**PROBLEM TO SOLVE**
Every entry below should be copied exactly, minus the pictures.

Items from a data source

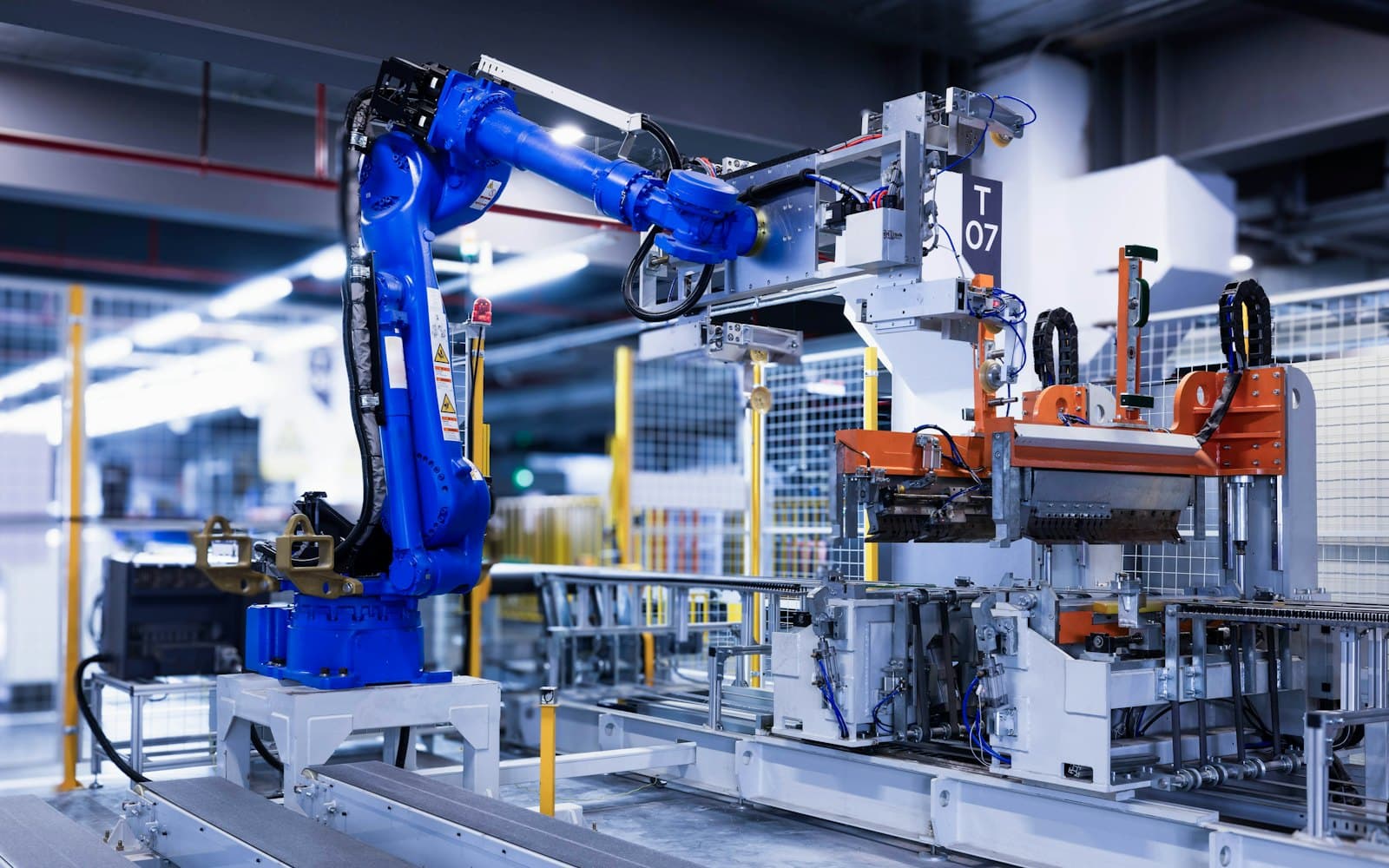 A robotic arm on an automated production line carrying out a process without manual intervention.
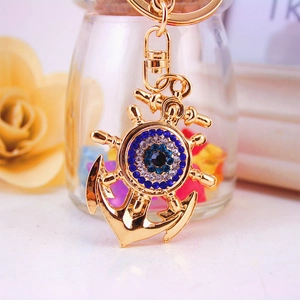 Golden anchor and rudder keychain with blue evil eye crystal rhinestones and swivel clasp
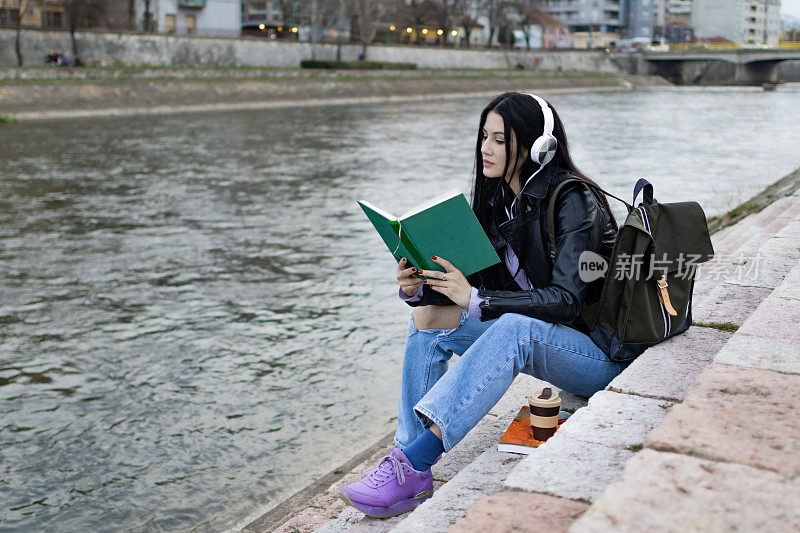 年轻漂亮的女大学生背着背包在河边玩。她戴着耳机，穿着皮夹克，等待着大学课程的开始。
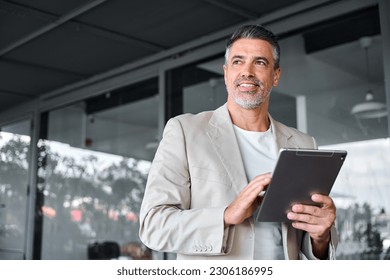 Smiling mid aged business man wearing suit standing outside office holding digital tablet. Mature businessman professional holding fintech device looking away thinking or new business ideas solutions.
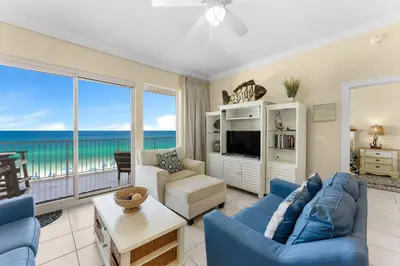 a living room with a view of the ocean at Treasure Island #0309 in Panama City Beach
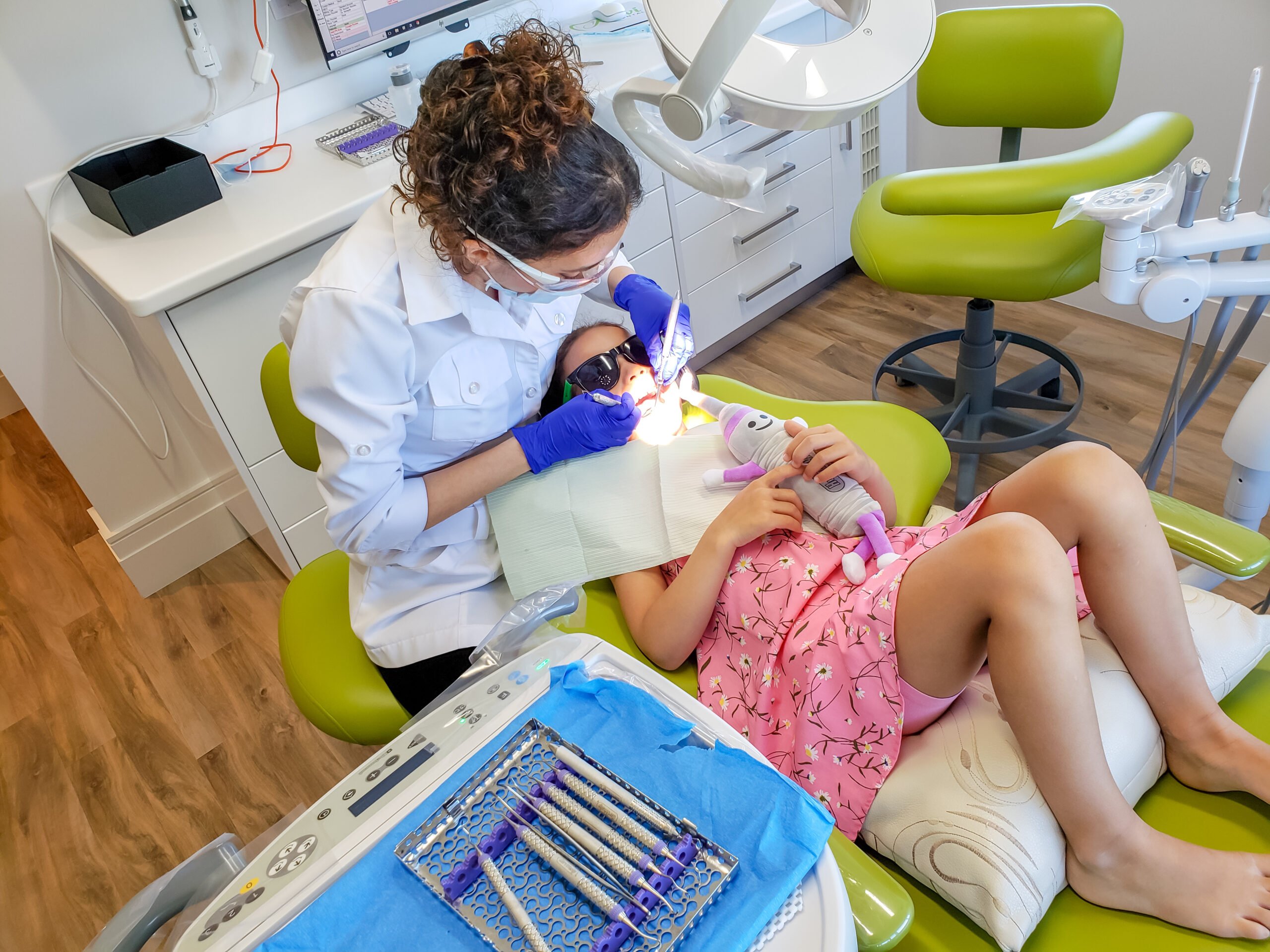 Dr Nourian doing a dental exam on a kid.
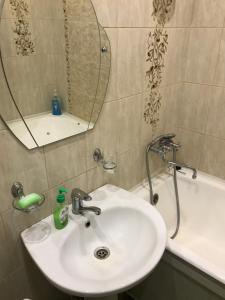 e bagno con lavandino, specchio e vasca. di Apartment on Amurskiy Bulvar 62 a Khabarovsk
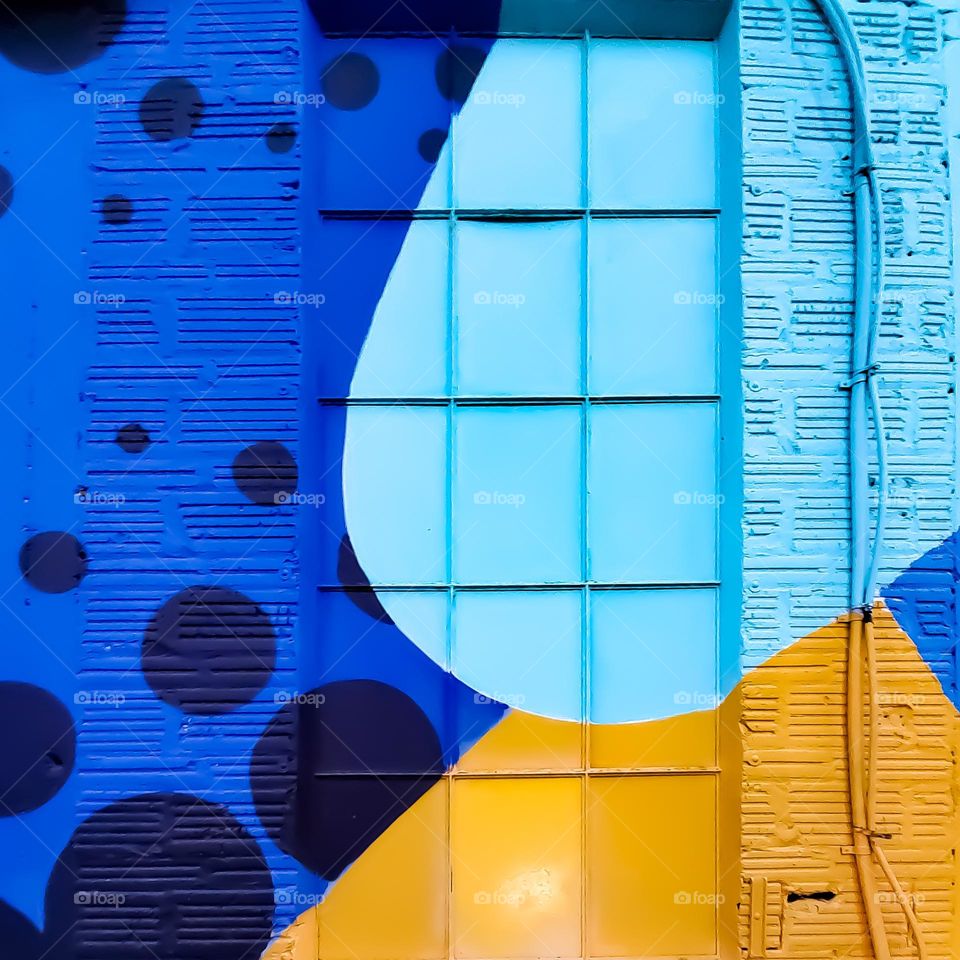 Artistically painted exterior wall and window in blues and yellow.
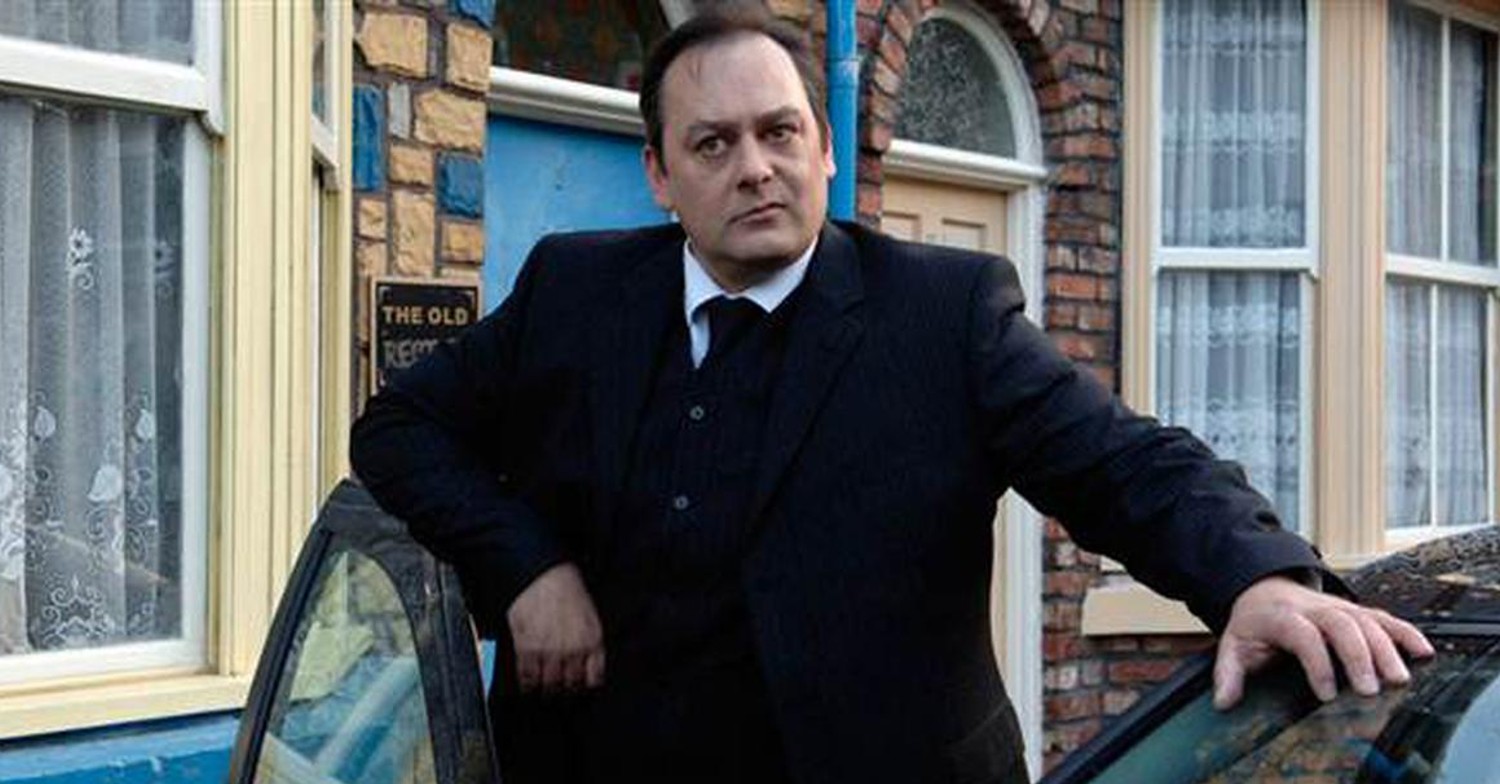 Terry Duckworth frowns as he poses with his hand on a car window (Credit: ITV)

**REPLY TO THE EXERCISE**
 A robotic arm on an automated production line carrying out a process without manual intervention.
 Golden anchor and rudder keychain with blue evil eye crystal rhinestones and swivel clasp
 年轻漂亮的女大学生背着背包在河边玩。她戴着耳机，穿着皮夹克，等待着大学课程的开始。
 Smiling mid aged business man wearing suit standing outside office holding digital tablet. Mature businessman professional holding fintech device looking away thinking or new business ideas solutions.
 a living room with a view of the ocean at Treasure Island #0309 in Panama City Beach
 Dr Nourian doing a dental exam on a kid.
 e bagno con lavandino, specchio e vasca. di Apartment on Amurskiy Bulvar 62 a Khabarovsk
 Artistically painted exterior wall and window in blues and yellow.
 Terry Duckworth frowns as he poses with his hand on a car window (Credit: ITV)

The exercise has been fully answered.